(Image-text web data)
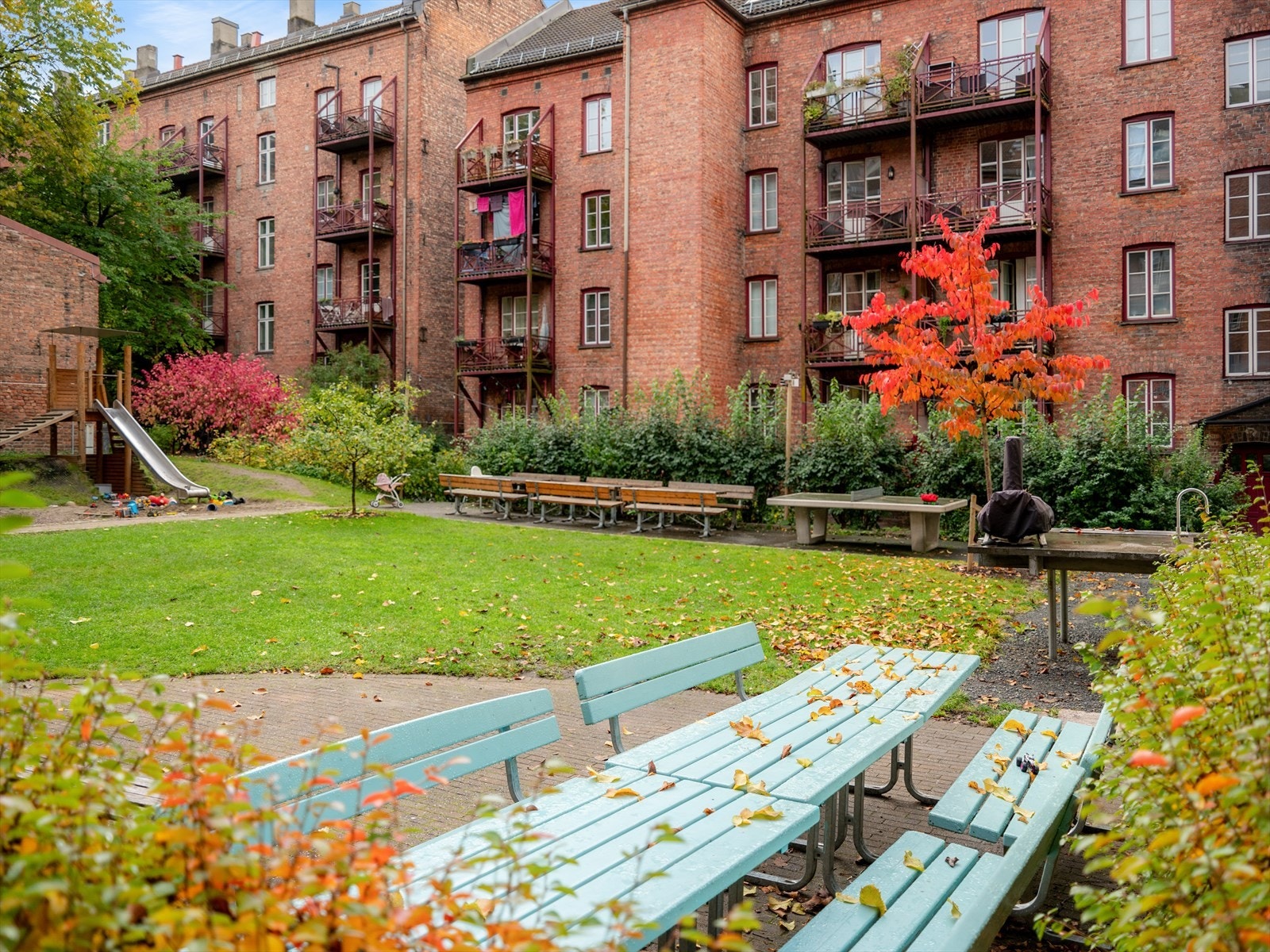 Bakgården er en stor del av livet i Tøyenhagen og det gode naboskapet er kjent for å være helt unikt. Galleribilde
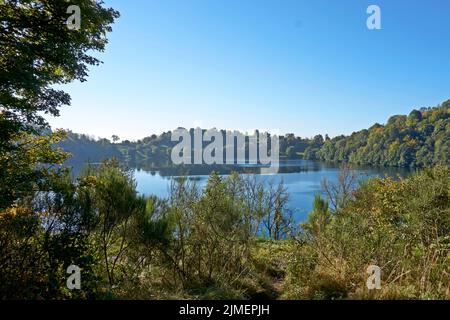 Photo d'un lac cratère, maar en automne en allemagne. Banque D'Images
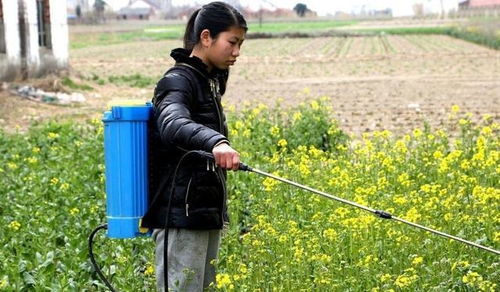 问答拓展：西红柿旺长， 丙环唑如何应对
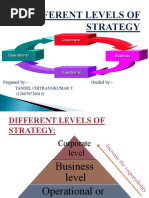 Corporate, Business and Functional Level Strategy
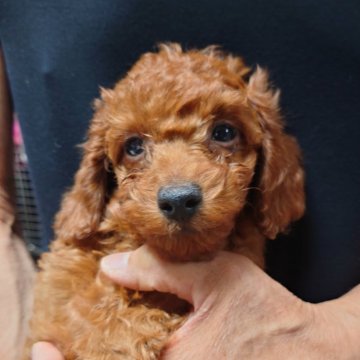 トイプードル(トイ)【福岡県・男の子・2025年6月24日・レッド】の写真「僕、おっとりしてるけど遊ぶ時は全力✨可愛いよ！」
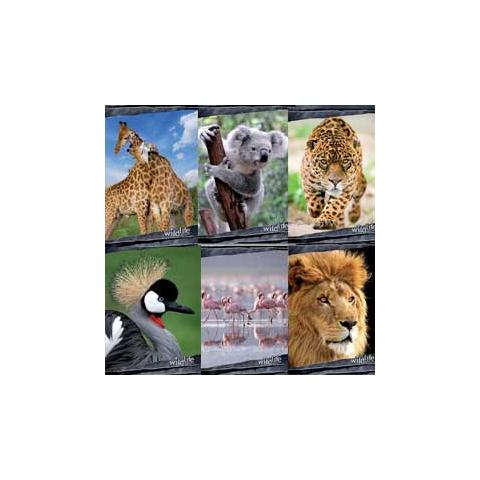 confezione da 10 pezzi - maxiquaderno a4 20fg+1 rigo di 3a 80gr wild life blasetti 5072 - Foto 1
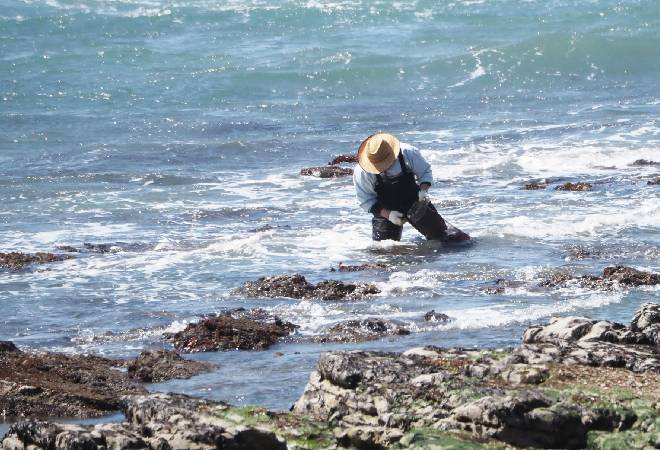 大量の貝が密漁されているかもしれない…｜海岸管理組合からの調査相談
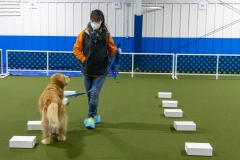 2022-March-Scent-Trial-1030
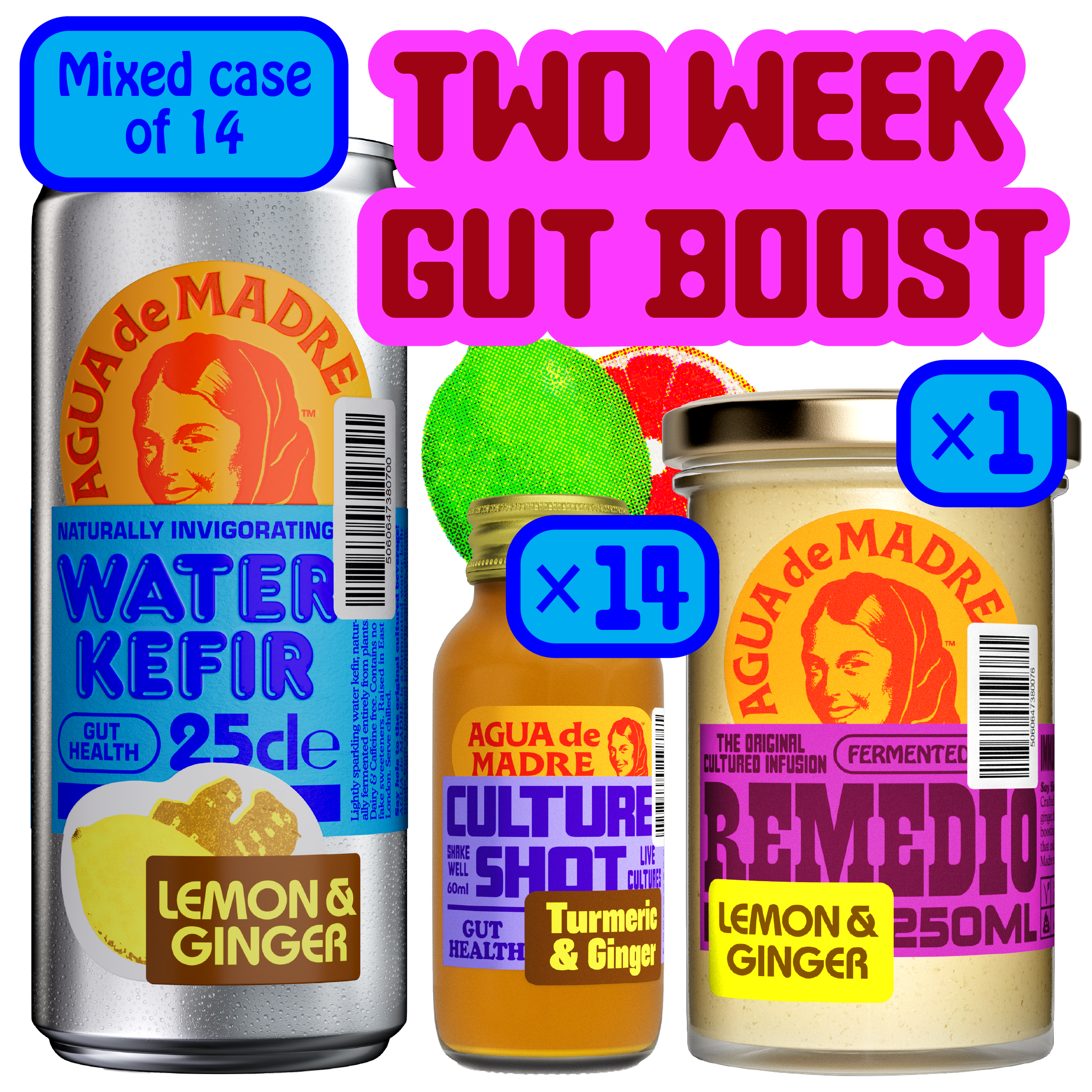 Two Week Gut Boost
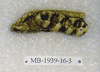 MB 1939-16-3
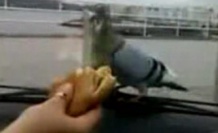 Güvercine cam arkası ekmek işkencesi VİDEO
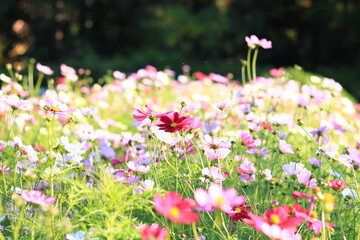 コスモス畑
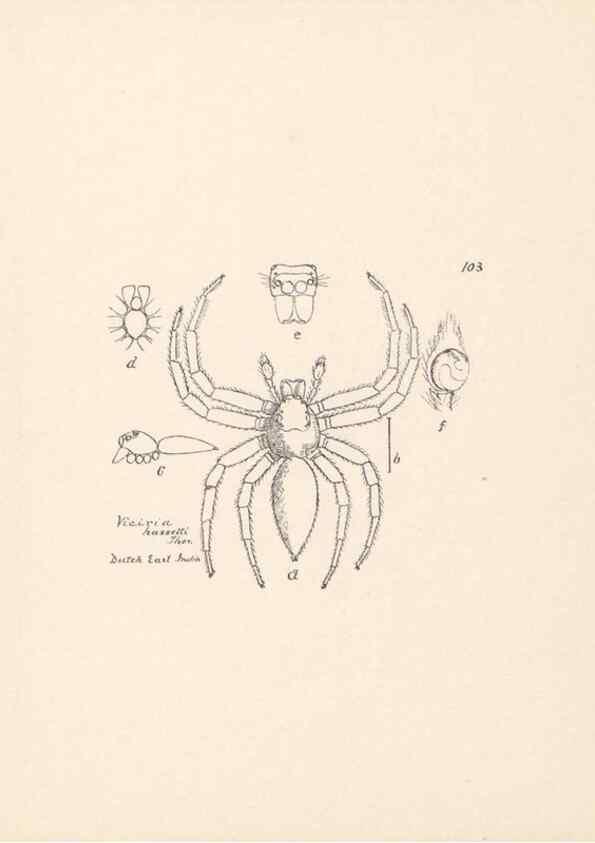 Reproducción/Reproduction 23916410323: Malaysian spiders.. Belfast :T. Workman,1896-1900.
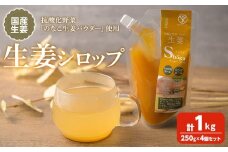 抗酸化野菜 生姜シロップ 計1kg (250g×4個) ジンシャーシロップ ジンジャー ジンジャーエール しょうがシロップ しょうが 生姜 国産生姜 炭酸割り 【株式会社NARIDAヘルスサポート】tm339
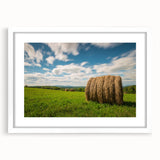 Abstract art print of New Brunswick scenery in muted earth tones, framed with a white mat, suitable for dining room decor.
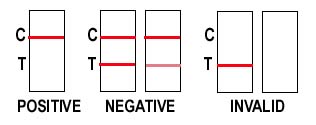 T-cup Drug Test Results Reading Chart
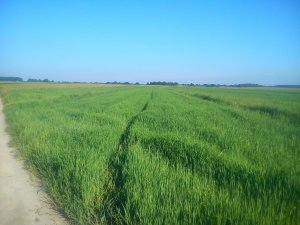 Jęczmień jary basic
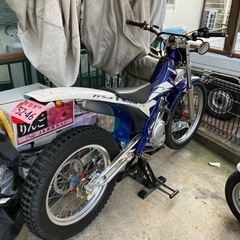 トライアルバイク04スコルパTYS125Fの画像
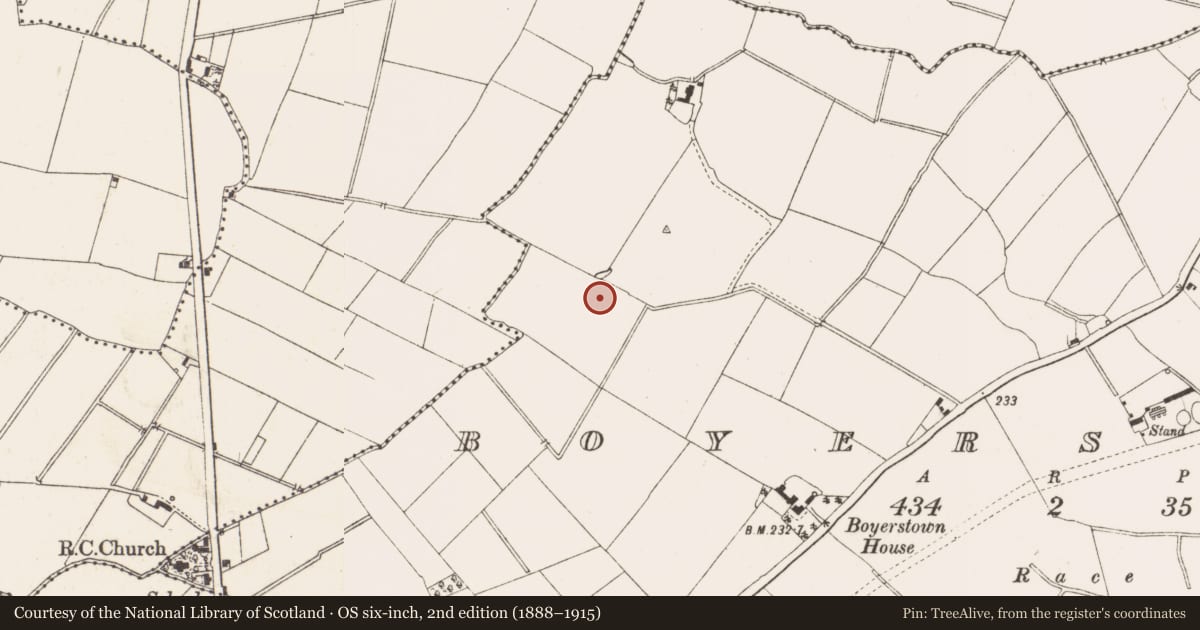Ordnance Survey six-inch map, 2nd edition (1888–1915) covering the location of Pit, Boyerstown, County Meath, with a pin at the register's coordinates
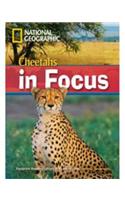 Cheetahs in Focus (Book with Multi-Rom)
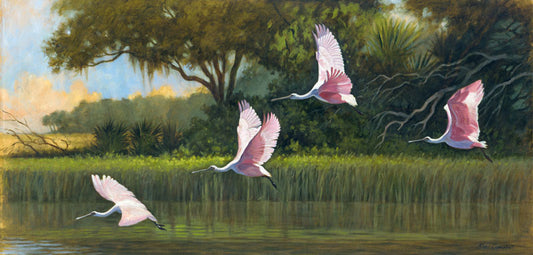 Spoonbills in Flight - Alan Campbell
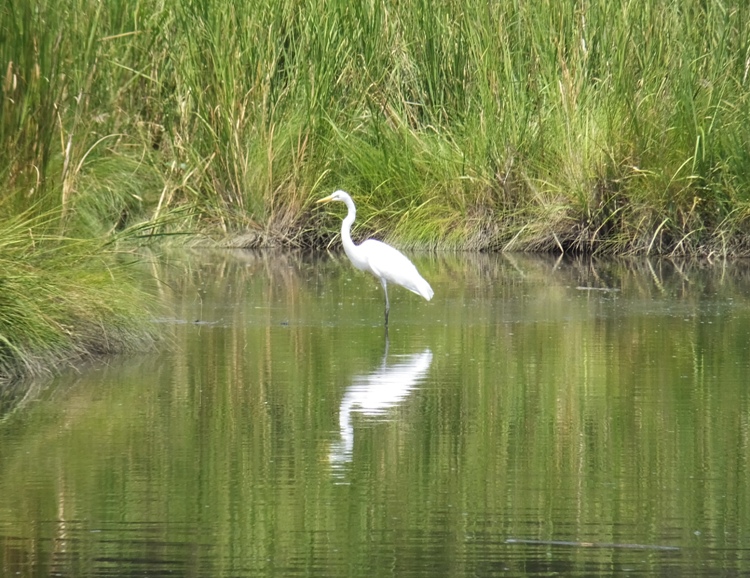 Egret standing in shallow water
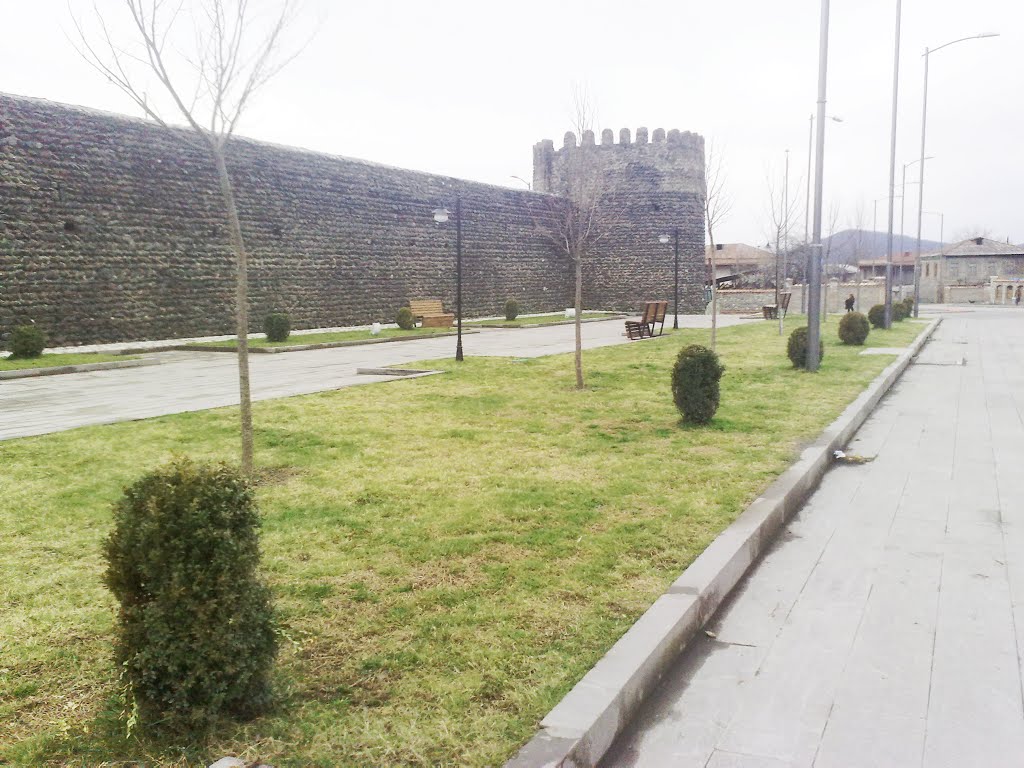 stadioni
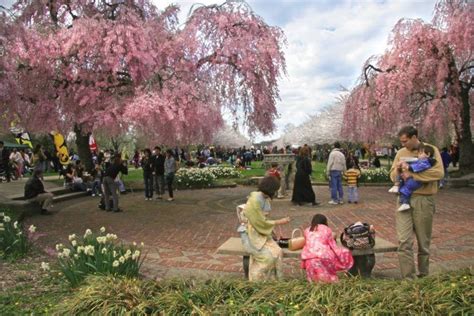 Centennial Arboretum Alchetron The Free Social Encyclopedia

EXERCISE GOAL: Transcribe, word for word, the line holding "Photo d'un lac" and all lines after it in the entries above, ending with the last. Only those lines; no pictures.

PROBLEM SOLUTION:
 Photo d'un lac cratère, maar en automne en allemagne. Banque D'Images
 问答拓展：西红柿旺长， 丙环唑如何应对
 Corporate, Business and Functional Level Strategy
 トイプードル(トイ)【福岡県・男の子・2025年6月24日・レッド】の写真「僕、おっとりしてるけど遊ぶ時は全力✨可愛いよ！」
 confezione da 10 pezzi - maxiquaderno a4 20fg+1 rigo di 3a 80gr wild life blasetti 5072 - Foto 1
 大量の貝が密漁されているかもしれない…｜海岸管理組合からの調査相談
 2022-March-Scent-Trial-1030
 Two Week Gut Boost
 MB 1939-16-3
 Güvercine cam arkası ekmek işkencesi VİDEO
 コスモス畑
 Reproducción/Reproduction 23916410323: Malaysian spiders.. Belfast :T. Workman,1896-1900.
 抗酸化野菜 生姜シロップ 計1kg (250g×4個) ジンシャーシロップ ジンジャー ジンジャーエール しょうがシロップ しょうが 生姜 国産生姜 炭酸割り 【株式会社NARIDAヘルスサポート】tm339
 Abstract art print of New Brunswick scenery in muted earth tones, framed with a white mat, suitable for dining room decor.
 T-cup Drug Test Results Reading Chart
 Jęczmień jary basic
 トライアルバイク04スコルパTYS125Fの画像
Ordnance Survey six-inch map, 2nd edition (1888–1915) covering the location of Pit, Boyerstown, County Meath, with a pin at the register's coordinates
 Cheetahs in Focus (Book with Multi-Rom)
 Spoonbills in Flight - Alan Campbell
 Egret standing in shallow water
 stadioni
 Centennial Arboretum Alchetron The Free Social Encyclopedia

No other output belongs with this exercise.